PROBLEM:
Only the lines from the start of the material through the line containing "whole West: Washington" are to be extracted, exactly as they appear.

MATERIAL FOR THIS TASK:
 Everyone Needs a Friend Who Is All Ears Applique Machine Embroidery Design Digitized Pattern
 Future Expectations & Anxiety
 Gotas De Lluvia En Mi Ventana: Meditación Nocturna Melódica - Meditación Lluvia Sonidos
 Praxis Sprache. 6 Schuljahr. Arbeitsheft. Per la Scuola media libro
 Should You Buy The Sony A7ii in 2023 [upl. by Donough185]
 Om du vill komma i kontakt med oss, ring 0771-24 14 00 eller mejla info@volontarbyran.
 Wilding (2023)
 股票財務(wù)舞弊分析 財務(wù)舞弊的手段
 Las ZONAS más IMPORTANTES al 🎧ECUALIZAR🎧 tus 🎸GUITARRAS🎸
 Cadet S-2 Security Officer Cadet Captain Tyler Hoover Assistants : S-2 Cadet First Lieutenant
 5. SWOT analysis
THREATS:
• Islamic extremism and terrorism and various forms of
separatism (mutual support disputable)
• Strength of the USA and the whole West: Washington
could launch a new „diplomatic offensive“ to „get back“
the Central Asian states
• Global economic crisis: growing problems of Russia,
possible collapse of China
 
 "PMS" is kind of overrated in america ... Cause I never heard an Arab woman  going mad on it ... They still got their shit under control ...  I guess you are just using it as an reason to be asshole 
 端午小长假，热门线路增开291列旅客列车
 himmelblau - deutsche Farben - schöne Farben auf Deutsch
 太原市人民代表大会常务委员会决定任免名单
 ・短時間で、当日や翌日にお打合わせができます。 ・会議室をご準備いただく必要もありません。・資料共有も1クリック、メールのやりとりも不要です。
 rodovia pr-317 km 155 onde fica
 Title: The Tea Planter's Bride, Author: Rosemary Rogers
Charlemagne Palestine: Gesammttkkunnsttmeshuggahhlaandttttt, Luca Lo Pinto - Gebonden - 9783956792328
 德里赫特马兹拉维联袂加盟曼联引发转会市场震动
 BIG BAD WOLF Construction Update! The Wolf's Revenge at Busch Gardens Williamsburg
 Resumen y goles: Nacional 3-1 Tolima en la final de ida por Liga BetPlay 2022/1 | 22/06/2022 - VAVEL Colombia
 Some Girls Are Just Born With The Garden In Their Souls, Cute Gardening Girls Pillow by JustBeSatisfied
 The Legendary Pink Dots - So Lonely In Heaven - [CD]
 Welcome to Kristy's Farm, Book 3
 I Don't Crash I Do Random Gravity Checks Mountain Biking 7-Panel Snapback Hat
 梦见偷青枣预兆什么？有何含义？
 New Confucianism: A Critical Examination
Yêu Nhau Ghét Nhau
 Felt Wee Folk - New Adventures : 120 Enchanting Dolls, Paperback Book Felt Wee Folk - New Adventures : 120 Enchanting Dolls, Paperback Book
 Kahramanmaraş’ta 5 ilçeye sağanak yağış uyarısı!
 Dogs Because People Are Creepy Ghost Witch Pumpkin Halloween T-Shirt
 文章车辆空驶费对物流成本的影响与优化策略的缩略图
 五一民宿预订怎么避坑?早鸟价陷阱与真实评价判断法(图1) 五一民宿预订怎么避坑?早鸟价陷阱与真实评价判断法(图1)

RESULT:
 Everyone Needs a Friend Who Is All Ears Applique Machine Embroidery Design Digitized Pattern
 Future Expectations & Anxiety
 Gotas De Lluvia En Mi Ventana: Meditación Nocturna Melódica - Meditación Lluvia Sonidos
 Praxis Sprache. 6 Schuljahr. Arbeitsheft. Per la Scuola media libro
 Should You Buy The Sony A7ii in 2023 [upl. by Donough185]
 Om du vill komma i kontakt med oss, ring 0771-24 14 00 eller mejla info@volontarbyran.
 Wilding (2023)
 股票財務(wù)舞弊分析 財務(wù)舞弊的手段
 Las ZONAS más IMPORTANTES al 🎧ECUALIZAR🎧 tus 🎸GUITARRAS🎸
 Cadet S-2 Security Officer Cadet Captain Tyler Hoover Assistants : S-2 Cadet First Lieutenant
 5. SWOT analysis
THREATS:
• Islamic extremism and terrorism and various forms of
separatism (mutual support disputable)
• Strength of the USA and the whole West: Washington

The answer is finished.